What would happen if you lied about your age (eliminate the first 10 years from your resume), both at the time of applying for the job and after joining the company? How much trouble can you get in for that? It doesn't seem unethical at all.
I basically did this. I mean I wouldn't say it's a "lie" to simply omit things from you're resume that you don't feel are relevant or may hurt your chances. I shortened my resume to a single page and left high school and my attempt at college off of it completely. No one ever brought this up at the interview.
It's also not actually legal where I live for the employer to inquire about an applicant's age. After I was hired, the manager did ask me at lunch how old I was, I just replied, "I can't remember". Yeah, he probably didn't mean anything by it and he could probably look it up with HR. But I just honestly didn't feel like it should be relevant to my role at work.
I don't feel like this was unethical, perhaps slightly paranoid at most. Speaking of which, I didn't even tell anyone I had kids until I was out of my 90 day probation period.
Every job that you have gotten has needed ID for background checks. I've never been asked for ID, age, or gender during the interview process. Nor would I give that information freely.
I recently filled an online application that asked for SSN and I dropped it right there. You only need my SSN for employer taxes, no way is that part of any job interview.
SSN also has an approximate timestamp encoded into it. The prefix can be linked to the time period it was given out, which is typically at or near birth registration.
This is public knowledge, and the prefixes are even used for identity verification at banks.
If you got your SSN at an age other than ~0, you may get flagged as a mis-match when e.g. applying for a new bank account, and it will require a human override to get past.
The one problem might be education on your resume. People can infer age from that generally. If you leave dates off it might also be seen that you are hiding the dates because of your age.
Have the work section chronological (And omit everything >10 years old), and the education section styled a bit differently, as a bunch of bullet points without dates.
It might be a bit weird, but I doubt it'll fail the HR filters. You can even do something like call it 'Education and Skills', in which case dates don't even make any sense to include. (Nobody ever says which year they've learned C#.)

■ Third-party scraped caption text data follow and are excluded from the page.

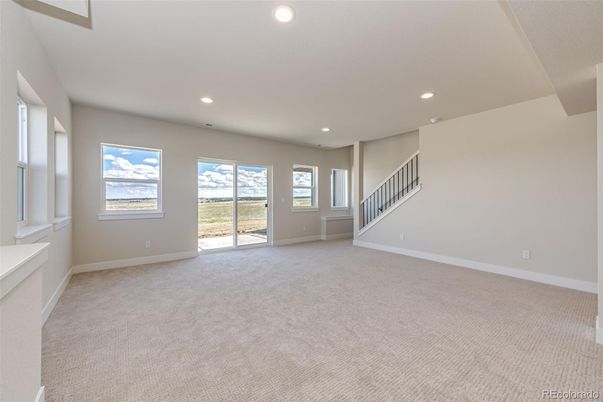 Empty room, Interior, Recessed Lighting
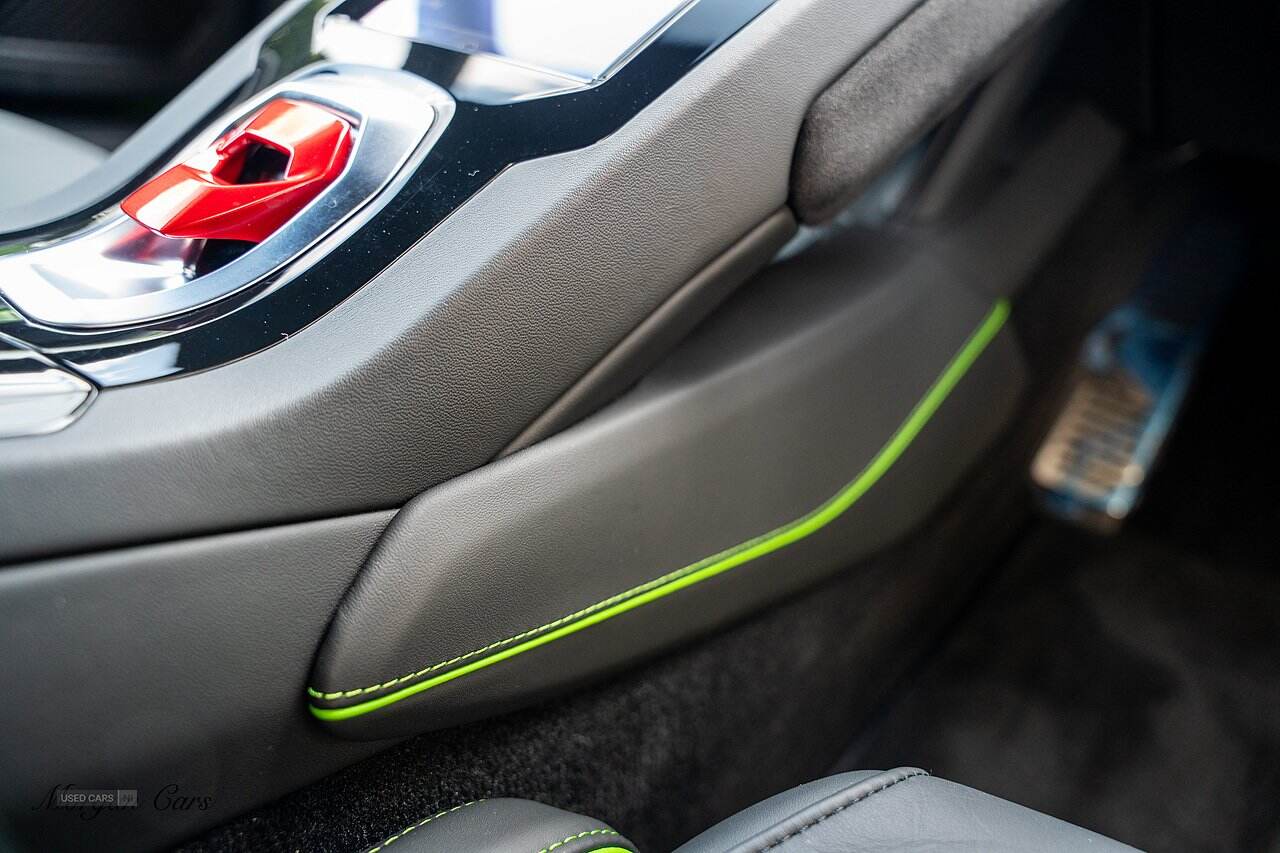 Apr 2022 Lamborghini Huracan 5.2 V10 640 2dr Auto AWD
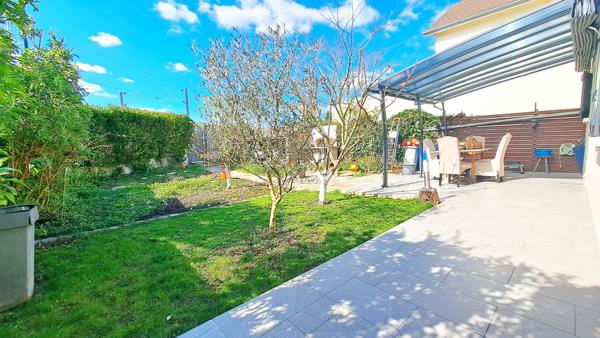 Maison 3 chambres 89 m2 et dépendance 17m2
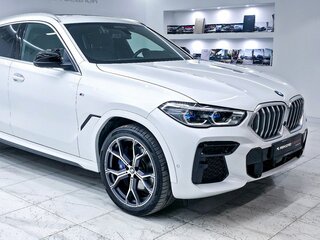 2022 BMW X6 40i III (G06), белый, 9450000 рублей, вид 3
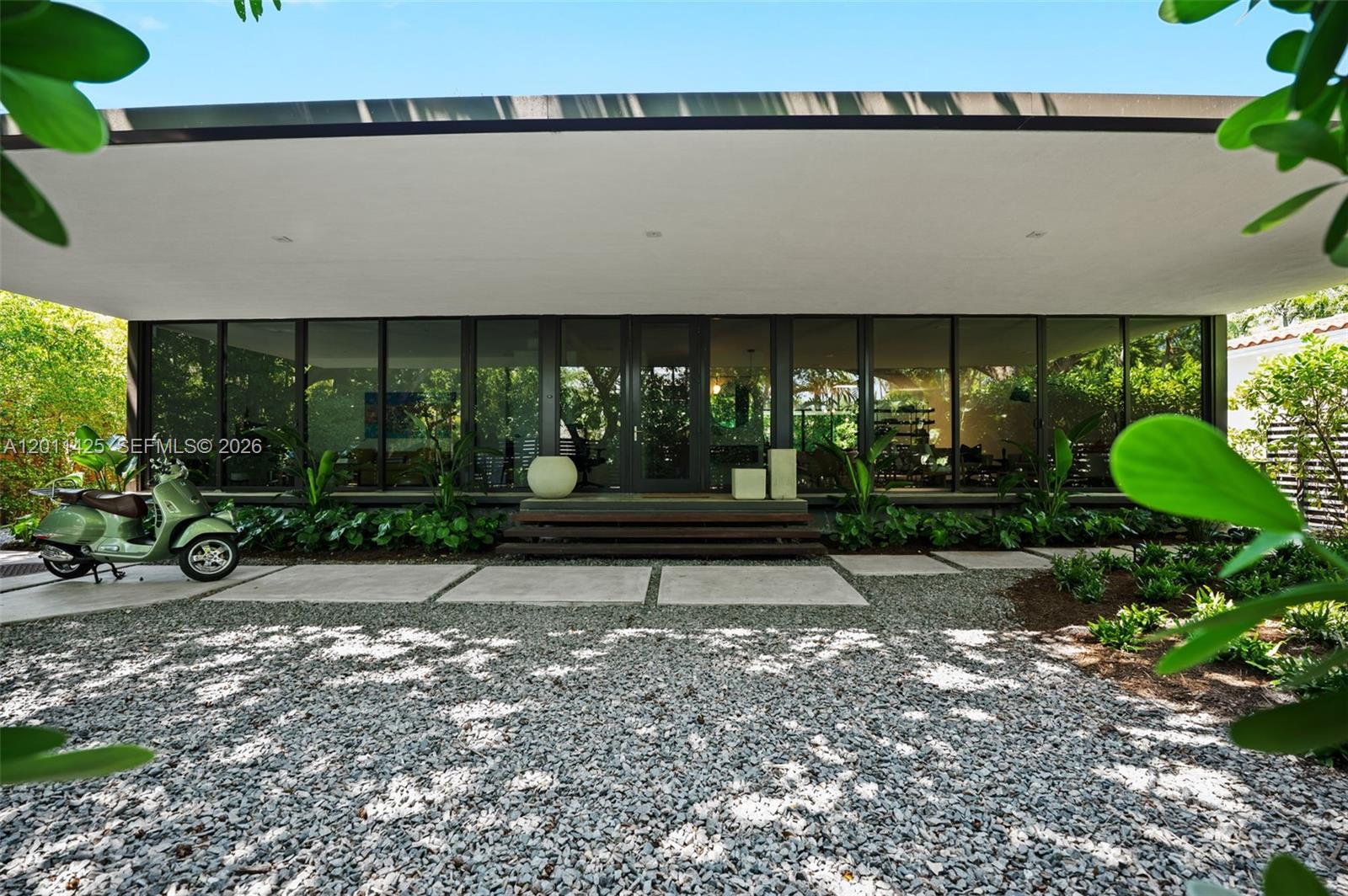 4045 Bonita Ave Miami, FL 33133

I don't really have a strong opinion though. When I last switched jobs a number of years back a friend of mine strongly advocated for obfuscating age as much as possible. I don't even remember how much I did but it didn't really matter because I knew the person running things and a number of the other people involved in the process. So this wasn't really an HR filtering thing.
I don't work in HR, but I have a hard time imagining that any HR department has a bullet-point checklist they expect from resumes, that includes 'MUST SPECIFY EDUCATION DATES'. ('MUST SPECIFY EDUCATION' is certainly on there.) [1]
And unless these things are explicitly checked for, your resume won't look that weird.
[1] If they do, they should stop, because this sort of thing is great evidence for an age discrimination lawsuit, even if you don't engage in age discrimination.
I don’t specify education because I never even completed high school. I get significantly less recruiter spam vs friends with an education section on their linkedin.
Or do what I did, and drop out of college and go back to finish it several years later, and just put the year I graduated on there. My education makes me seem younger than I actually am for the people that judge by that.